◆ Data for the task:
===

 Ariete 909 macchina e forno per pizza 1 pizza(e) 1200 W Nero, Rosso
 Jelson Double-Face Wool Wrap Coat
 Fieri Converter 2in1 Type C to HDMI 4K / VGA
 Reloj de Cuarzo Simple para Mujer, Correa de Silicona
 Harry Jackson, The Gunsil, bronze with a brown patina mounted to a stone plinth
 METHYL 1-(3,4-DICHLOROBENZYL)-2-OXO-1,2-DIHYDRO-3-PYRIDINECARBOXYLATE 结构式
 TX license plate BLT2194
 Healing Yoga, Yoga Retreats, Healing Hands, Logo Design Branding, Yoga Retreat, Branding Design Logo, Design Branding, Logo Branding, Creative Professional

===

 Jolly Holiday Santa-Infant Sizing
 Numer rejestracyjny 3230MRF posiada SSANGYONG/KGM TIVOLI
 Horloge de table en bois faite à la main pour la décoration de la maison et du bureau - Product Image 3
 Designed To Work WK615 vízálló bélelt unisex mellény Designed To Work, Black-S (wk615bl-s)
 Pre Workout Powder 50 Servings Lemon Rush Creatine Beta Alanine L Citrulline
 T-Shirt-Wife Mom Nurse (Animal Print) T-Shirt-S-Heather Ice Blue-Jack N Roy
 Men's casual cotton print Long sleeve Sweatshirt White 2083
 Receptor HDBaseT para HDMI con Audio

===

◆ Try it:
Which lines above hold the string "para"? Please copy all of them.

◆ Your response:
 Reloj de Cuarzo Simple para Mujer, Correa de Silicona
 Receptor HDBaseT para HDMI con Audio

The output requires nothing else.